Designing energetic landscape in the multi-bandgap lead sulphide colloidal quantum dots ensemble for efficient solar spectrum utilization

Abstract

The distinctive nature of the solar spectrum in the near and shortwave infrared region demands the appropriate design of the active materials for efficient infrared photon absorption in a solar cell. Colloidal quantum dots (CQDs) based on lead sulphide (PbS) showed significant absorption in the near and shortwave infrared region through bandgap tuning. Despite their high absorption coefficient, PbS CQDs show a strong excitonic absorption peak, which cannot cover a significant portion of the solar spectrum in the near or shortwave infrared region.

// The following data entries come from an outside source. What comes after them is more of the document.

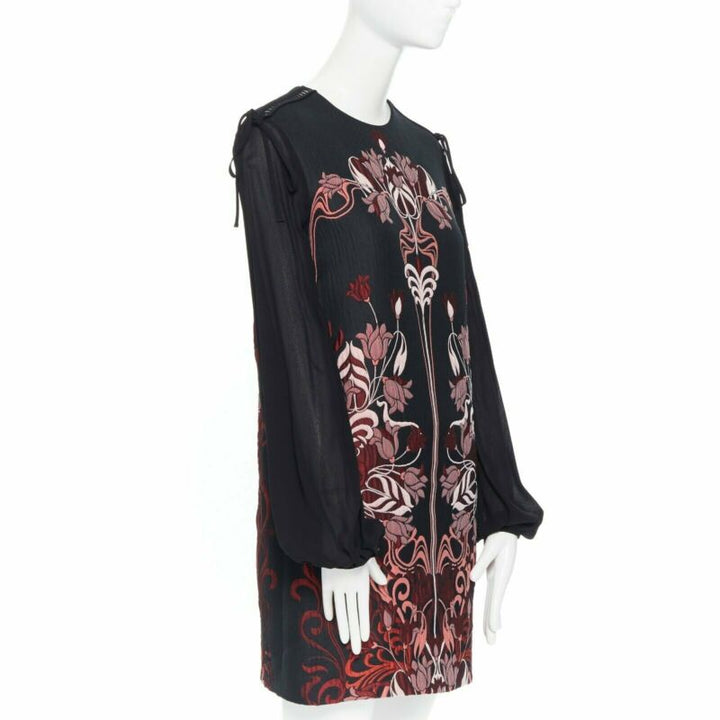 GIAMBA GIAMBATTISTA VALLI black red floral loque semi sheer sleeves dress XXS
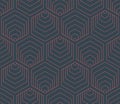Modern Hexagonal Outline Seamless Pattern Vector Techno Rave Abstract Background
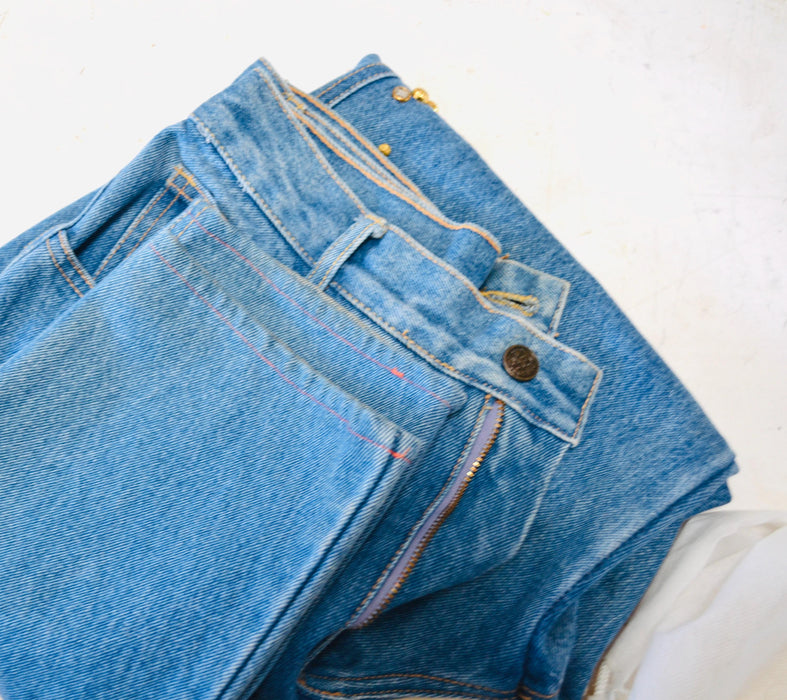 80s 90s Vintage Gold Studded Jeans Pants High Waisted Jeans Rhinestone XOXO love Gold Studded Denim Metallic jeans Small medium 4 6 8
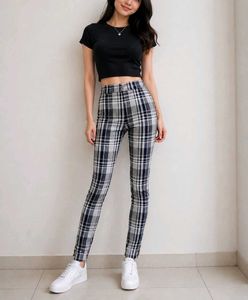 Chic Plaid High-Waisted Pants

Mixing CQDs with different bandgaps can lead to better coverage of the solar spectrum and, hence, better photon absorption. In this work, we have estimated the ideal PbS CQD-based multi-bandgap ensemble combination and active material design strategy for optimum infrared photon absorption. In addition, we have investigated in detail the crucial factors that decide the performance of solar cells based on multi-bandgap CQDs. The simulation shows that careful optimization of the energetic landscape of the ensemble, along with the charge carrier mobility, can improve the efficiency up to 16.48 % under the AM 1.5 G spectrum. The optimized infrared photovoltaic performance with a perovskite filter can reach up to 9.29 %.